As an exercise for myself I am trying to make a small program with 2 threads that print "Ping" followed by "Pong" in an endless loop.
I have written a small program:
pthread_mutex_t lock = PTHREAD_MUTEX_INITIALIZER;
pthread_cond_t cond = PTHREAD_COND_INITIALIZER;
void* T1(){
printf("thread 1 started\n");
while(1)
{
pthread_mutex_lock(&lock);
sleep(0.5);
printf("ping\n");
pthread_cond_signal(&cond);
pthread_mutex_unlock(&lock);
pthread_cond_wait(&cond,&lock);
}
}
void* T2(){
printf("thread 2 started\n");
while(1)
{
pthread_cond_wait(&cond,&lock);
pthread_mutex_lock(&lock);
sleep(0.5);
printf("pong\n");
pthread_cond_signal(&cond);
pthread_mutex_unlock(&lock);
}
}
int main(void)
{
int i = 1;
pthread_t t1;
pthread_t t2;
printf("main\n");
pthread_create(&t1,NULL,&T1,NULL);
pthread_create(&t2,NULL,&T2,NULL);
while(1){
sleep(1);
i++;
}
return EXIT_SUCCESS;
}
And when running this program the output I get is:
main
thread 1 started
thread 2 started
ping
Any idea what is the reason the program does not execute as expected?
Thanks in advance.
sleep takes an integer, not a floating point. Not sure what sleep(0) does on your system, but it might be one of your problems.

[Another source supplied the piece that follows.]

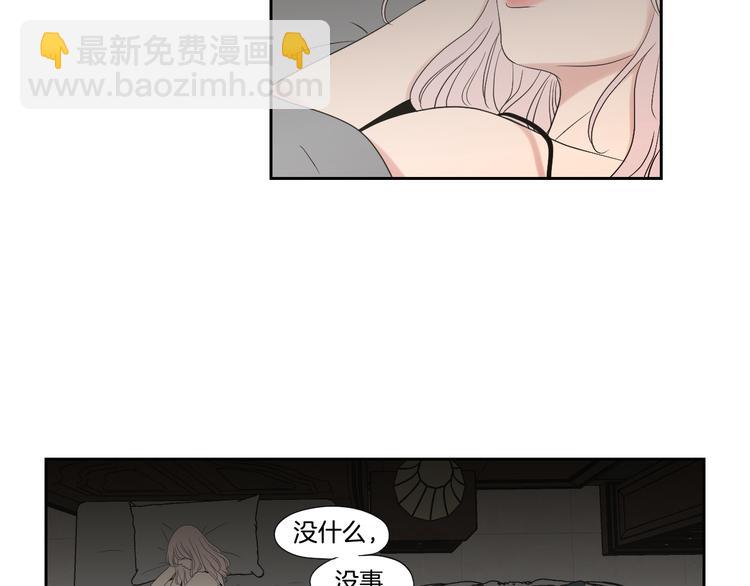 第112话 这样才算陪睡35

You need to hold the mutex while calling pthread_cond_wait.
Naked condition variables (that is condition variables that don't indicate that there is a condition to read somewhere else) are almost always wrong. A condition variable indicates that something we are waiting for might be ready to be consumed, they are not for signalling (not because it's illegal, but because it's pretty hard to get them right for pure signalling). So in general a condition will look like this:
/* consumer here */
pthread_mutex_lock(&something_mutex);
while (something == 0) {
pthread_cond_wait(&something_cond, &something_mutex);
}
consume(something);
pthread_mutex_unlock(&something_mutex);
/* ... */
/* producer here. */
pthread_mutex_lock(&something_mutex);
something = 4711;
pthread_cond_signal(&something_cond, &something_mutex);
pthread_mutex_unlock(&something_mutex);
It's a bad idea to sleep while holding locks.
T1 and T2 are not valid functions to use as functions to pthread_create they are supposed to take arguments. Do it right.
You are racing yourself in each thread between cond_signal and cond_wait, so it's not implausible that each thread might just signal itself all the time. (correctly holding the mutex in the calls to pthread_cond_wait may help here, or it may not, that's why I said that getting naked condition variables right is hard, because it is).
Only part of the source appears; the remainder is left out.